It is already the best start for the Calgary Flames in a dozen years.

Defenceman Michael Stone had a goal and two assists as the Flames got a bit of revenge for last season’s playoff ousting by Edmonton, defeating the Oilers 4-3 on Saturday.

It was the first time since the 2009-2010 season that the Flames have won their first two games of the NHL regular season.

“The first period was good, we came out with a lot of energy and did some good things,” said Stone, who recorded his first-ever three-point game in the NHL as the Flames grabbed a 4-1 lead in the first period.

“We kind of got back on our heels a little bit in the second, but we managed to turn it back around in the third and finished the game off well, which was good to see.

“We didn’t panic. We know what it takes to win and what little things need to be done to win in this league.”

Mikael Backlund, Nazem Kadri and Andrew Mangiapane also scored for the Flames

Kadri said the way the Flames withstood an Oilers comeback attempt was a positive sign.

“I am happy with the way we played,” Kadri said. “It shows a lot of maturity. We have a mature group in here and I don’t think anyone really hit the panic button.”

Cody Ceci, Connor McDavid and Ryan McLeod scored for the Oilers (1-1), who also trailed by three goals in their first game against Vancouver before rallying to win 5-3.

“We had a couple of whacks at the end, we were hoping one of those squeaks through. It wasn’t meant to be,” said Oilers forward Leon Draisaitl, who had two assists.

“Just individual and system mistakes, they’re little mistakes that are easy to clean up. We can’t spot a team three goals in back-to-back nights. That’s something we have to address, obviously.”

The Flames got off to a quick start, scoring 1:13 into the opening frame when Backlund was able to deposit the rebound in front after Oilers’ starter Jack Campbell made the initial save on a deflected shot.

Edmonton erased that early lead 3:18 into the first on a broken pass that ended up going back to Ceci, who beat Flames goalie Dan Vladar on a long shot to the glove side.

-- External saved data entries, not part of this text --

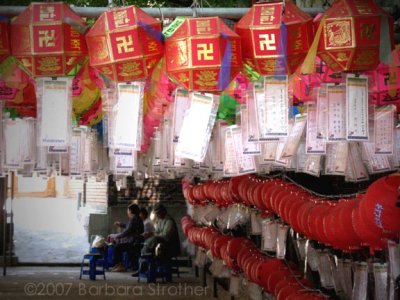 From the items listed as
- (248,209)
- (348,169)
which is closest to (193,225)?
(248,209)

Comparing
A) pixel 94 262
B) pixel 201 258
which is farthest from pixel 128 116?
pixel 94 262

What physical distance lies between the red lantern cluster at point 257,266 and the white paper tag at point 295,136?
1.43 meters

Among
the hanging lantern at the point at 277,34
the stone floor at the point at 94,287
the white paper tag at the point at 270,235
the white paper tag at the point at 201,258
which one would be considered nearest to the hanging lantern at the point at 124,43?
the hanging lantern at the point at 277,34

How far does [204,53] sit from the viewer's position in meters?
6.80

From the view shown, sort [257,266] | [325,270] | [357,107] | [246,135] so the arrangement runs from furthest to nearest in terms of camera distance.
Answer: [257,266]
[325,270]
[246,135]
[357,107]

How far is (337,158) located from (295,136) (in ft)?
1.51

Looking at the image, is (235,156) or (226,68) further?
(235,156)

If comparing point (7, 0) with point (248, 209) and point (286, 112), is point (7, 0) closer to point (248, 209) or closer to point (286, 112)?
point (248, 209)

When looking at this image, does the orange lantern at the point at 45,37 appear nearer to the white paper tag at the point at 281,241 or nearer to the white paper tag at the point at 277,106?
the white paper tag at the point at 277,106

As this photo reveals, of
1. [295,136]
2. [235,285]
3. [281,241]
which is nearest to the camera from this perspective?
[295,136]

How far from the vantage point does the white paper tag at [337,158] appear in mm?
7910

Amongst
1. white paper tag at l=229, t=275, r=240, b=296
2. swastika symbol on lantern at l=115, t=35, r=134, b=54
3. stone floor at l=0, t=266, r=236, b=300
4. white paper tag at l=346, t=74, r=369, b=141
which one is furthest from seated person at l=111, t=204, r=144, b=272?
white paper tag at l=346, t=74, r=369, b=141

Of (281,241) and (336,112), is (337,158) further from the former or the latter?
(281,241)

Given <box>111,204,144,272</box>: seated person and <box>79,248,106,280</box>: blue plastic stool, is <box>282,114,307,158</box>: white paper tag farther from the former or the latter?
<box>111,204,144,272</box>: seated person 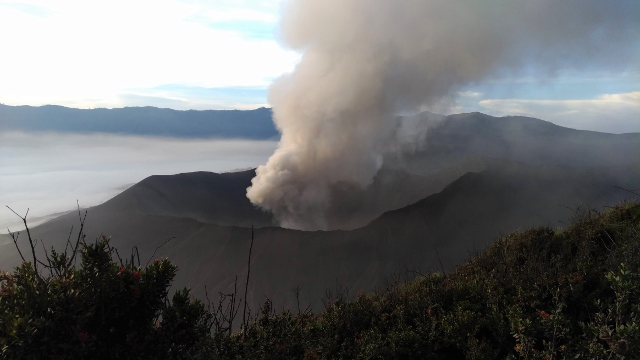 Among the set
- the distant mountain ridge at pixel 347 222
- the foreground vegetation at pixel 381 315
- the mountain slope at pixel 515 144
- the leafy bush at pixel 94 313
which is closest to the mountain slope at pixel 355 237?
the distant mountain ridge at pixel 347 222

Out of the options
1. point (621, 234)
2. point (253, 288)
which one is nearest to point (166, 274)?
point (621, 234)

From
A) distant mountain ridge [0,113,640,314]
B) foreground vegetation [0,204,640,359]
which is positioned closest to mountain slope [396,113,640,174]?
distant mountain ridge [0,113,640,314]

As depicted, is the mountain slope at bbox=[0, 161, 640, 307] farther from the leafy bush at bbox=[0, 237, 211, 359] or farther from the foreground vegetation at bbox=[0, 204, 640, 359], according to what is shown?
the leafy bush at bbox=[0, 237, 211, 359]

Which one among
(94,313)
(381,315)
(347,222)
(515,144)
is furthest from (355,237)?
(515,144)

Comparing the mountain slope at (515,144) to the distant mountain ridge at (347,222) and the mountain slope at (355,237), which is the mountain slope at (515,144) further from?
the mountain slope at (355,237)

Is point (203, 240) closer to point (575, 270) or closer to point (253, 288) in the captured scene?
point (253, 288)

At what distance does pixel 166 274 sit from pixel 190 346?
56 cm

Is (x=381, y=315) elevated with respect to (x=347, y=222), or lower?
elevated

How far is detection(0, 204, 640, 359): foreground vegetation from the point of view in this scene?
255 centimetres

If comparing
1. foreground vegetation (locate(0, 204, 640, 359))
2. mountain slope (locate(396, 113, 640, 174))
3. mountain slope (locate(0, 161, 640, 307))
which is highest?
mountain slope (locate(396, 113, 640, 174))

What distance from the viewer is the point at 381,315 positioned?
586 centimetres

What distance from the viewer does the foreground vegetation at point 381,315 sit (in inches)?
100

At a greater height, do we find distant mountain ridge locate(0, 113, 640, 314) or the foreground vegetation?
the foreground vegetation

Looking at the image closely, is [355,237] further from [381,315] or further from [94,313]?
[94,313] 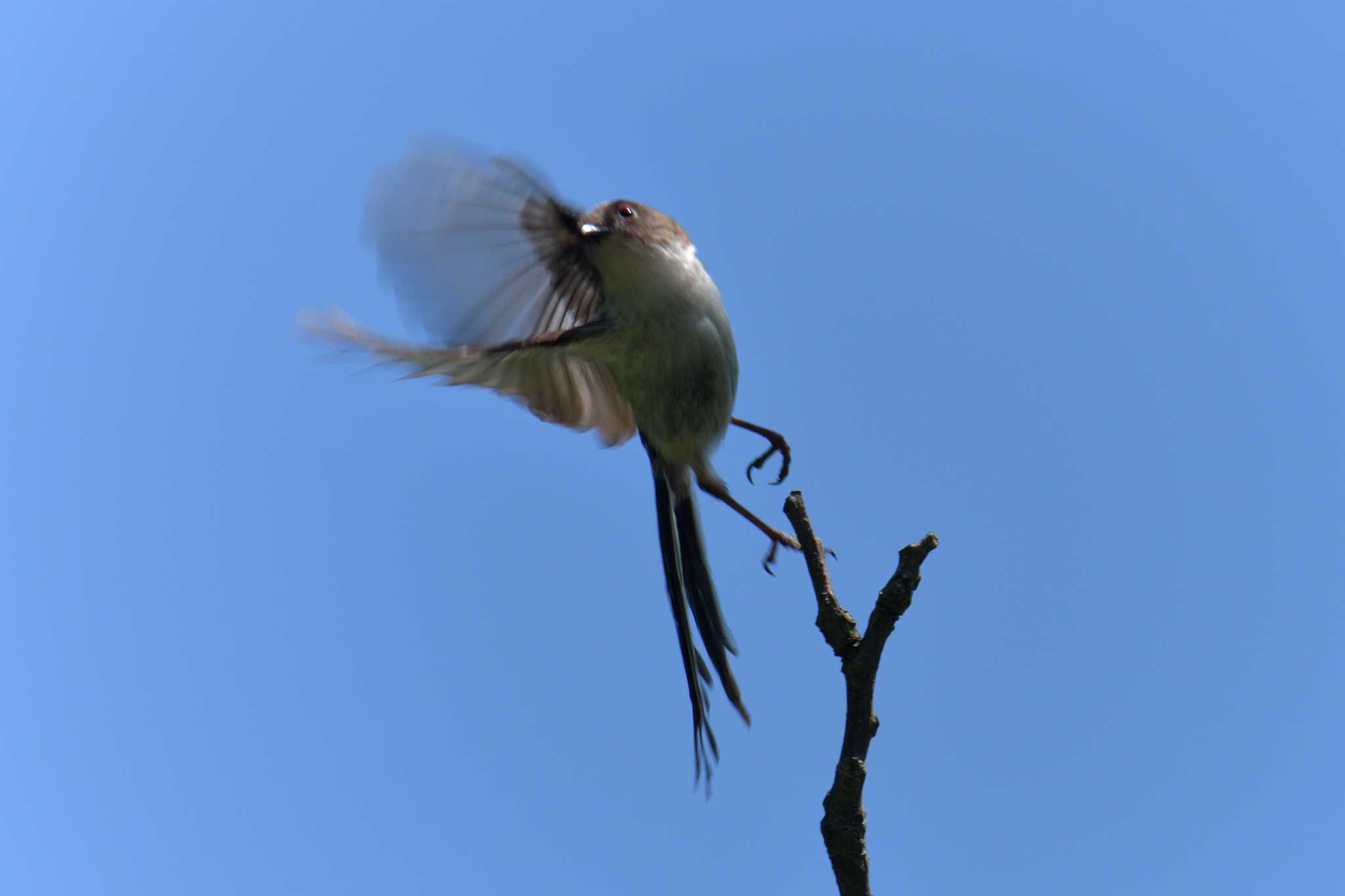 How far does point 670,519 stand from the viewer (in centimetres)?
315

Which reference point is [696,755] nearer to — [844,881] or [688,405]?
[844,881]

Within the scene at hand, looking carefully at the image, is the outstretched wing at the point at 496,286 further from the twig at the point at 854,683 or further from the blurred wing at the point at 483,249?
the twig at the point at 854,683

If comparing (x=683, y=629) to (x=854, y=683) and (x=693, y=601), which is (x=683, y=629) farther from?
(x=854, y=683)

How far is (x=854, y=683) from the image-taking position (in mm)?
2027

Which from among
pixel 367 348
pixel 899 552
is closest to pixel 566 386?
pixel 367 348

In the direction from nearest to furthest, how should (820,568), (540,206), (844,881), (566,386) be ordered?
(844,881)
(820,568)
(540,206)
(566,386)

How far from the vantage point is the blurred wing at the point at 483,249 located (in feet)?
9.16

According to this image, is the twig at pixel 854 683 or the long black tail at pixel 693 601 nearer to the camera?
the twig at pixel 854 683

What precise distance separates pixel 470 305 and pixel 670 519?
0.90 m

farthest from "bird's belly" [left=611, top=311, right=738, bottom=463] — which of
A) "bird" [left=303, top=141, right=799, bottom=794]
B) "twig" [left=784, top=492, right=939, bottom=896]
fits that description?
"twig" [left=784, top=492, right=939, bottom=896]

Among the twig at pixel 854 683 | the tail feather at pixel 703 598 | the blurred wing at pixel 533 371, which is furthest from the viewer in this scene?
the tail feather at pixel 703 598

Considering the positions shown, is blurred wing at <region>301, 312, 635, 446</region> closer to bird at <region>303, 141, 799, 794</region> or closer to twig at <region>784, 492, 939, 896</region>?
bird at <region>303, 141, 799, 794</region>

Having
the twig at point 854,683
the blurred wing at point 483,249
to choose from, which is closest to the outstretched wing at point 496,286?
the blurred wing at point 483,249

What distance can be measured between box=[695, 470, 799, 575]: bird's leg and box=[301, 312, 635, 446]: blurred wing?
0.31 m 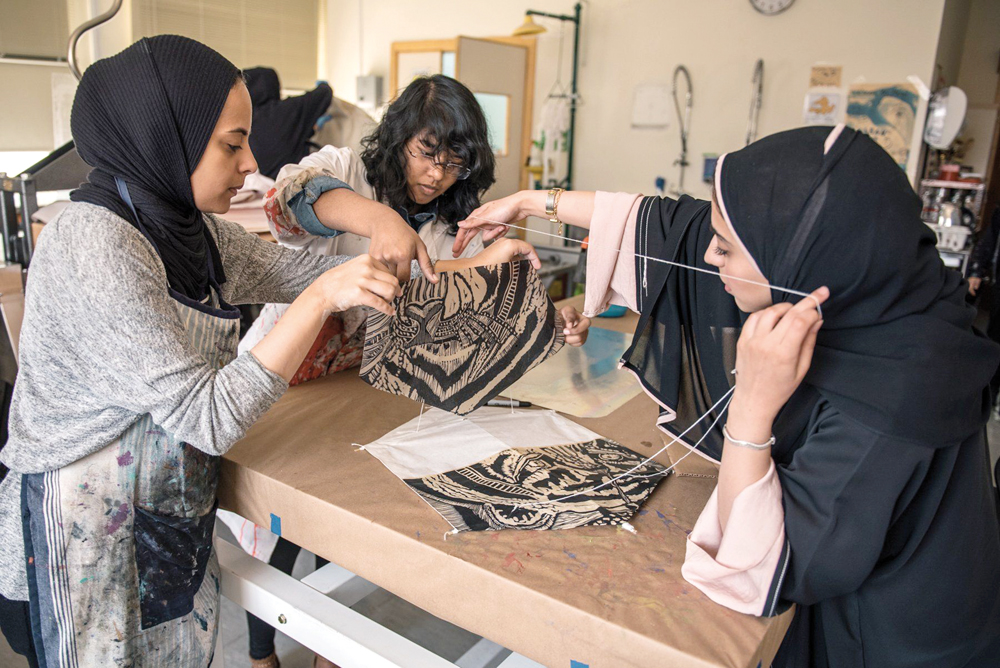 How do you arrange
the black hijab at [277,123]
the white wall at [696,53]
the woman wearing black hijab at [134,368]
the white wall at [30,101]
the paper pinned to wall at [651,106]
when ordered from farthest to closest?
1. the paper pinned to wall at [651,106]
2. the white wall at [30,101]
3. the white wall at [696,53]
4. the black hijab at [277,123]
5. the woman wearing black hijab at [134,368]

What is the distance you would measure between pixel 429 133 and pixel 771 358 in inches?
40.4

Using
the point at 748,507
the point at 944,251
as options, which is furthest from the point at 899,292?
the point at 944,251

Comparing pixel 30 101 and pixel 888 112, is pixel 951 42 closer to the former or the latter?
pixel 888 112

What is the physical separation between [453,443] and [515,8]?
5.09 metres

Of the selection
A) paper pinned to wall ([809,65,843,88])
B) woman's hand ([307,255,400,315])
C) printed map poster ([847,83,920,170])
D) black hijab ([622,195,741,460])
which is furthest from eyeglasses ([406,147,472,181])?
paper pinned to wall ([809,65,843,88])

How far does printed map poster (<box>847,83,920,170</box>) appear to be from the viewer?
4172 millimetres

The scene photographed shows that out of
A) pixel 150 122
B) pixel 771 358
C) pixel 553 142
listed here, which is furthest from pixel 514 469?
pixel 553 142

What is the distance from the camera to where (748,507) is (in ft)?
2.72

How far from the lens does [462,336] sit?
132cm

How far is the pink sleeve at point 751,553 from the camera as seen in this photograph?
82 cm

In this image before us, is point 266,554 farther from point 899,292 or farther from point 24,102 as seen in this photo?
point 24,102

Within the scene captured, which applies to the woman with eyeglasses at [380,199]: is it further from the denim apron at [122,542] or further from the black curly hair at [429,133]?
the denim apron at [122,542]

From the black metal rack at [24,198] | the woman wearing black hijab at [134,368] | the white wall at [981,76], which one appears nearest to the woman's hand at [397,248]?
the woman wearing black hijab at [134,368]

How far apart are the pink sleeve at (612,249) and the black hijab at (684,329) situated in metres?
0.04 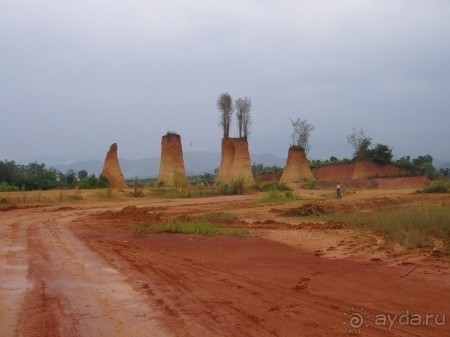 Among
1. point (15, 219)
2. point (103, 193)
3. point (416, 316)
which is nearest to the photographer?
point (416, 316)

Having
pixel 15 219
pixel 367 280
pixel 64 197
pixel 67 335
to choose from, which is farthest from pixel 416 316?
pixel 64 197

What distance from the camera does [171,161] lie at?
4672cm

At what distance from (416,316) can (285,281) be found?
8.12 ft

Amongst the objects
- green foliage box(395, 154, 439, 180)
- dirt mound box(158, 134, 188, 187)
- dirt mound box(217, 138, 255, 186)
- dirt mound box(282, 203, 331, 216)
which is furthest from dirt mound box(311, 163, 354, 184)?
dirt mound box(282, 203, 331, 216)

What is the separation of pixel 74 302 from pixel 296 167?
49.1 m

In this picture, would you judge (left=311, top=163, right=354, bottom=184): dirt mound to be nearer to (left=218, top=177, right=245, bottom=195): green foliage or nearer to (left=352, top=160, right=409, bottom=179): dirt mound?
(left=352, top=160, right=409, bottom=179): dirt mound

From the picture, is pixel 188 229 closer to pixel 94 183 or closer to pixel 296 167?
pixel 94 183

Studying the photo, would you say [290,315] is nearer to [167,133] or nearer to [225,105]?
[167,133]

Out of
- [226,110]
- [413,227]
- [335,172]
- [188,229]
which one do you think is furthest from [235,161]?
[413,227]

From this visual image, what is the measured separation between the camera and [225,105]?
5094cm

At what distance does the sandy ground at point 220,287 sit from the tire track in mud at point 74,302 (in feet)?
0.05

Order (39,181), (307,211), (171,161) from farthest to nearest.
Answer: (39,181) < (171,161) < (307,211)

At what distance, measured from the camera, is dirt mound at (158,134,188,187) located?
46281mm

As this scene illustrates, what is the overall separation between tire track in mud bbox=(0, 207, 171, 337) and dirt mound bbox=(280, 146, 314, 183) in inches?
1750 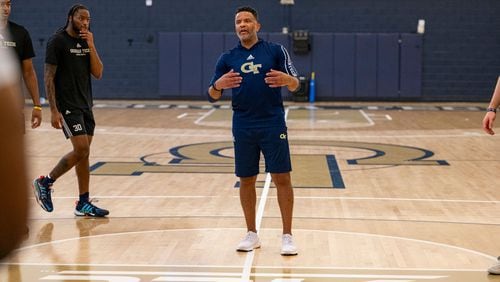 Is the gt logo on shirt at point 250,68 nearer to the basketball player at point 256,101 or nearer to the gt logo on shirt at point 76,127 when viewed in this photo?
the basketball player at point 256,101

Calgary regained the advantage just over a minute later at 4:34 as Stone was able to send a shot through heavy traffic that found its way into the net.

The Flames made it 3-1 three minutes later on the power play as Oilers defender Brett Kulak wiped out, allowing Kadri a clear lane to the net and he made no mistake in scoring his first goal for Calgary.

The Flames added to their lead midway through the first as Mangiapane banged home a rebound from the blue paint after Campbell made the initial save. The Oilers brought in backup Stuart Skinner to replace Campbell, who allowed four goals on 11 shots.

Edmonton got one back on the power play midway through the second period as Evander Kane made a great pass on the doorstep across to McDavid, who scored his fourth of the season.

The Oilers made it a one-goal game with five minutes left in the second as Ryan Murray pushed up from defence and ended up sending a feed in front from behind the net to McLeod, who sent it past Vladar.

There was no scoring in the third period, despite a final flurry by the Oilers at the end.

Calgary outshot the Oilers 42-28 in the game.

Skinner had 31 saves in the loss.


The game was one of just three regular-season matchups between the bitter provincial rivals and the only one in Edmonton. The two teams will play in Calgary on Oct. 29 and they’ll again play in Calgary on Dec. 27 to conclude the Battle of Alberta for this season … It wasn’t surprising to see Vladar get the start in net for the Flames. In the five playoff games against the Oilers last year, usual starter Jacob Markstrom allowed 24 goals … Both teams won their season openers by 5-3 scores, as the Oilers defeated the Vancouver Canucks after trailing 3-0 early in the second period and the Flames beat the defending Stanley Cup champion Colorado Avalanche.


Both teams are off until Tuesday. The Flames begin a mammoth eight-game homestand when they host the Vegas Golden Knights. The Oilers play the third game of a six-game homestand against the Buffalo Sabres. Edmonton starts the season with nine of its first 12 contests on home ice.

This report by The Canadian Press was first published Oct. 15, 2022.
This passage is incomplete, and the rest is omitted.